Speaking at a conference at the U.S. Capitol, the health officials said the prevalence of TB is more than twice as high along the border as in the rest of Texas.
Maria Teresa Cerqueira, chief of the U.S.-Mexico Border Office at the Pan American Health Organization, said TB rates are rising along the border because there is "lack of integration (between the U.S. and Mexico) to fight the disease."
Participants came armed with Texas Medical Association documents noting that an outbreak of tuberculosis in Mexico can have an immediate impact along both sides of the border.
Teresa Nino, representing the U.S. Department of Health and Human Services, said the new health care law will help minority communities, and particularly Latino populations.

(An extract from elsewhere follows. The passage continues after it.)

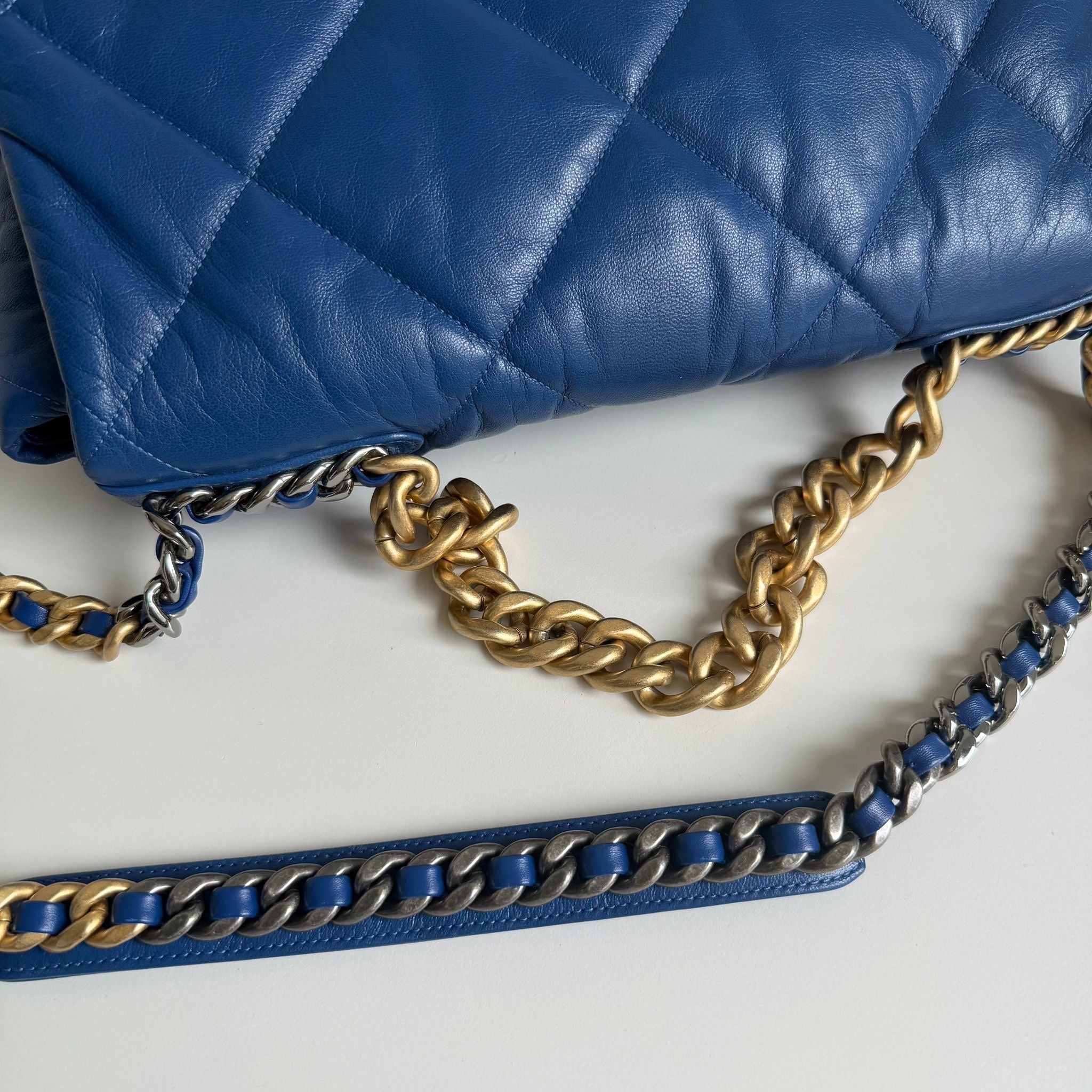 Chanel 19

"The Affordable Care Act expands health care coverage to millions of people who have not had it before, many of whom may be young families," said Nino, director of the Office of External Affairs and Beneficiary Services Centers for Medicare and Medicaid Services.

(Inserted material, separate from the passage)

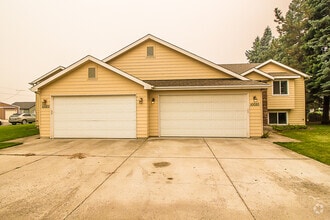 Building Photo - 10022 E Upriver Dr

She said one in five young Latinos have no access to health care and are prime candidates for Medicaid, the federal-state program that helps pay for health care for low-income families with children.
Minority communities in the border region face other health care challenges. Obesity affects 30 percent of adults, according to the TMA.
The obesity epidemic has led to increased diabetes rates. A study by the U.S.-Mexico Border Diabetes Prevention and Control Project found diabetes was the fourth leading cause of death among Texas Hispanics in 2006.